#### Dataset entries ####

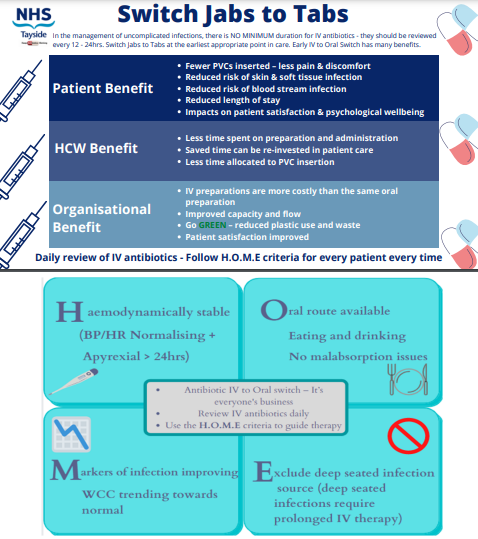 It's MDT Tuesday of World Antibiotic Awareness Week.  Everyone can be an antimicrobial steward.  Everyone involved in prescribing, dispensing and administering antimicrobials has a part to play to reduce antimicrobial resistance.  Think about IVOST bit.ly/30pLeLT #WAAW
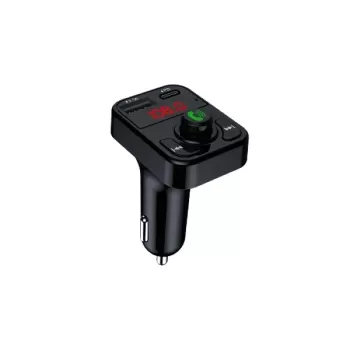 ® Yeni Ürün Qc 3.1a Usb &amp; Pd /tf Fm Transmitter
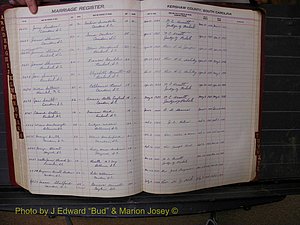 Kershaw Marriages, 1929-1940, Black Index S (216).JPG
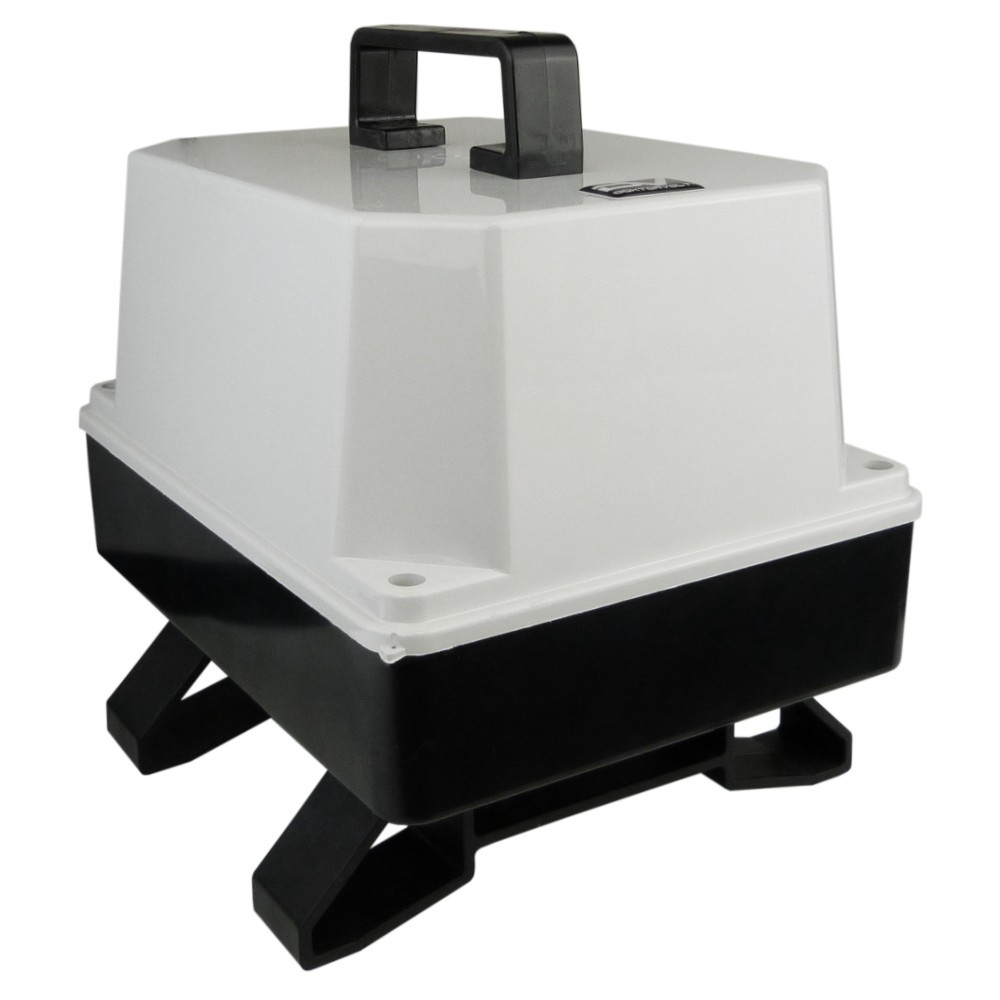 Obudowa rozdzielnicy BAU DV-9702 z uchwytem i podstawką Doktorvolt 9702 - obrazek 2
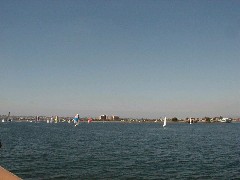 Travel San Diego 2004; harbor tour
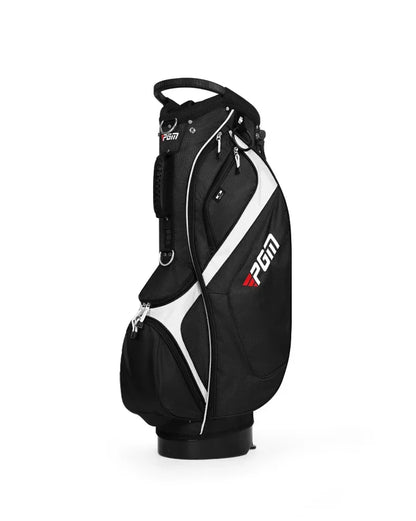 PGM Golf Bag QB146 – Lightweight 14-Pin Shoulder Stand Bag for Men & Women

####

▸ **Exercise goal**: Every line above should be output exactly, except for the pictures.

▸ **Solution below**:
 It's MDT Tuesday of World Antibiotic Awareness Week.  Everyone can be an antimicrobial steward.  Everyone involved in prescribing, dispensing and administering antimicrobials has a part to play to reduce antimicrobial resistance.  Think about IVOST bit.ly/30pLeLT #WAAW
 ® Yeni Ürün Qc 3.1a Usb &amp; Pd /tf Fm Transmitter
 Kershaw Marriages, 1929-1940, Black Index S (216).JPG
 Obudowa rozdzielnicy BAU DV-9702 z uchwytem i podstawką Doktorvolt 9702 - obrazek 2
 Travel San Diego 2004; harbor tour
 PGM Golf Bag QB146 – Lightweight 14-Pin Shoulder Stand Bag for Men & Women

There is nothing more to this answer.